RAG knowledge base

Xiajiao (虾饺) includes a production-style RAG (Retrieval-Augmented Generation) stack. Upload documents, indexing runs automatically, and questions hit rag_query from Tool Calling—your docs become the Agent’s grounding layer. Pair with Agent persistent memory: RAG for document facts; memory for user prefs and history.

RAG retrieval

An Agent retrieves from the knowledge base and answers in a structured way.

Why RAG?

LLMs are limited by:

Knowledge cutoff — no brand-new facts after training
Private data — no access to your internal API docs or manuals

RAG fixes this: retrieve relevant chunks first, then generate grounded answers.

Without RAG	With RAG
“I don’t know your API shape”	“Per your API doc, auth uses Bearer Token…”
Higher hallucination risk	Grounded in real docs
No citations	Can point to source docs

Three-stage retrieval pipeline

Layers of filtering keep only relevant context for the LLM:

┌─────────────────────────────────────────────────────┐
│                                                     │
│  User question                                      │
│     ↓                                               │
│  ┌──── Stage 1: dual retrieval ────┐                │
│  │                                 │                │
│  │  BM25           Vector search   │                │
│  │  (keywords)     (semantics)     │                │
│  │     ↓              ↓            │                │
│  │   set A         set B          │                │
│  └──────────┬─────────────────────┘                │
│             ↓                                       │
│  ┌──── Stage 2: RRF fusion ─────┐                  │
│  │  Merge lists, dedupe          │                  │
│  └──────────┬───────────────────┘                  │
│             ↓                                       │
│  ┌──── Stage 3: LLM rerank ─────┐                  │
│  │  Score Top-N, reorder        │                  │
│  │  Take Top-K for context       │                  │
│  └──────────┬───────────────────┘                  │
│             ↓                                       │
│  Inject into Agent → answer                         │
│                                                     │
└─────────────────────────────────────────────────────┘

Stage 1: dual retrieval

BM25 (lexical)

Query: "API authentication"
→ Matches chunks containing "API" and "auth"
→ Good for exact terms, symbols, identifiers

Vector (semantic)

Query: "how do we authorize requests"
→ Embedding similarity to "auth", "token", "Bearer" passages
→ Good for paraphrases and intent

Why both?

BM25 alone misses synonyms; vectors alone can drift on symbols like getUserById.
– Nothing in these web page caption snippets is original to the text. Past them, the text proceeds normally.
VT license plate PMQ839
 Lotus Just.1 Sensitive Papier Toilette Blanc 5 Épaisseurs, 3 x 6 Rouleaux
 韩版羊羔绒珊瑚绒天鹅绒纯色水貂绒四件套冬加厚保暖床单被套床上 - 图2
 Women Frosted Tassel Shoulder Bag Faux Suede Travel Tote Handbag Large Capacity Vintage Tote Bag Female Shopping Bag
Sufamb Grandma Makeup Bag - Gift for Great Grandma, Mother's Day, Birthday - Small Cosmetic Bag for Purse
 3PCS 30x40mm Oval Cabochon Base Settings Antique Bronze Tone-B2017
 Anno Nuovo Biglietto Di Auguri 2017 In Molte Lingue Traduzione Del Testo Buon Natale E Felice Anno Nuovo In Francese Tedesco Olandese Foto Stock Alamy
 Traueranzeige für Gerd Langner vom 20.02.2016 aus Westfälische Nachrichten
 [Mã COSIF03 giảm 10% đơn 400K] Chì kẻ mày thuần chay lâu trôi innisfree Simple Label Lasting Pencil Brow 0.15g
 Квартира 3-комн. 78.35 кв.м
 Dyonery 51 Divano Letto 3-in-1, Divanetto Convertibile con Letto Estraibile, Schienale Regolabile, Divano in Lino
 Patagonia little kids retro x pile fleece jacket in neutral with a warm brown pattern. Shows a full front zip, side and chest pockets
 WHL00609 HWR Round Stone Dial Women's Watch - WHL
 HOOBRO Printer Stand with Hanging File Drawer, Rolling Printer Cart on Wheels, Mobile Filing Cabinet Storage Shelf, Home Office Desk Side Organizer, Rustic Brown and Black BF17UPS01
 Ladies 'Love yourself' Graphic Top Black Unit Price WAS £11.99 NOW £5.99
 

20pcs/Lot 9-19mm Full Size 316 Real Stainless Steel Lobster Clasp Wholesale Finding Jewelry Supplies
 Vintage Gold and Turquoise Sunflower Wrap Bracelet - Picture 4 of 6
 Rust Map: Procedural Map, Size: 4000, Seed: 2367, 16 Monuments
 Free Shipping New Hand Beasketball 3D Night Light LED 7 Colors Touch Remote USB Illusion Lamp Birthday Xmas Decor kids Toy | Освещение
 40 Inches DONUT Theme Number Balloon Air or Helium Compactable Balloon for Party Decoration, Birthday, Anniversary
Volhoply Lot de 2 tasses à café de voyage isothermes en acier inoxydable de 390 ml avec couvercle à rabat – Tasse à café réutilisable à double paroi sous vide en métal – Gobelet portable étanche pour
Together you get precision and recall.

Stage 2: RRF fusion

Reciprocal Rank Fusion:

RRF score = Σ 1 / (k + rank_i)

k is a constant (often 60); rank_i is the rank in list i.
Chunks strong in both lists rise to the top after fusion.

Stage 3: LLM reranking

Take Top-N fused candidates; have the LLM score relevance:

System: Score each passage 0–10 for relevance to the query.
Query: "API authentication"

Passage 1: "All API calls must send Bearer Token in Header..." → 9
Passage 2: "API returns JSON..." → 3
Passage 3: "Auth module uses JWT, 24h expiry..." → 8

Inject the highest-scoring Top-K into the Agent context.

Hierarchical chunking

Quality depends on chunking. Xiajiao (虾饺) uses parent/child chunks:

Two-tier design

┌────────────────────────────────────┐
│  Parent chunk (~800 chars)         │
│                                    │
│  ┌──────────┐  ┌──────────┐       │
│  │ Child    │  │ Child    │  ...  │
│  │ ~200 ch  │  │ ~200 ch  │       │
│  └──────────┘  └──────────┘       │
│                                    │
└────────────────────────────────────┘

Child (~200): retrieval granularity—tighter focus, better hits
Parent (~800): context for the model—full surrounding text

Flow: search children → map to parents → send parents to the LLM.

Why not retrieve on parents only?

Large parents mix topics; one embedding averages everything and hurts precision. Small children retrieve accurately; parents restore context.

Supported formats

Format	Notes	Parsing
PDF	Common	pdf-parse
TXT	Plain text	Direct read
Markdown	Docs	Direct read, structure kept
Other text	`.log`, `.csv`, etc.	Direct read

Usage

Upload

In the web UI, open Agent settings and upload into the knowledge area:

Open Agent settings
Upload in the KB section
System parses → chunks → embeds → indexes

Query

The Agent uses rag_query (see Tool Calling):

You: @Code assistant How do we call the payment API?
Code assistant: [rag_query: "payment API usage"]
→ pulls from your uploaded API doc
→ answers from retrieved text

Compared to other RAG stacks

	Xiajiao (虾饺) RAG	Dify RAG	LangChain RAG
Retrieval	BM25 + vector + LLM rerank	Vector + keywords	Configurable
Chunking	Hierarchical	Fixed size	Configurable
Vector store	SQLite (zero extra services)	Qdrant / Weaviate	FAISS / Pinecone
Deploy	`npm start`	Docker Compose	Bring your own
External deps	None for vectors	Vector DB usually required	Often vector DB

Less flexible than a bespoke stack, but zero external vector DB—everything in one Node process with SQLite.

Tuning tips

1. Document quality

Clear structure: headings, lists, paragraphs—not walls of text
High signal, low fluff
Consistent terminology

2. Chunk sizes

Defaults are 200/800. Very long native paragraphs may need code-level tuning.

3. Embedding model

Default text-embedding-3-small. With providers like Qwen, the matching provider embedding is used. For Chinese-heavy corpora, a Chinese-optimized embedding model helps.

4. Query wording

BM25 is lexical. If “how do I pay” fails, try the doc’s exact term payment API.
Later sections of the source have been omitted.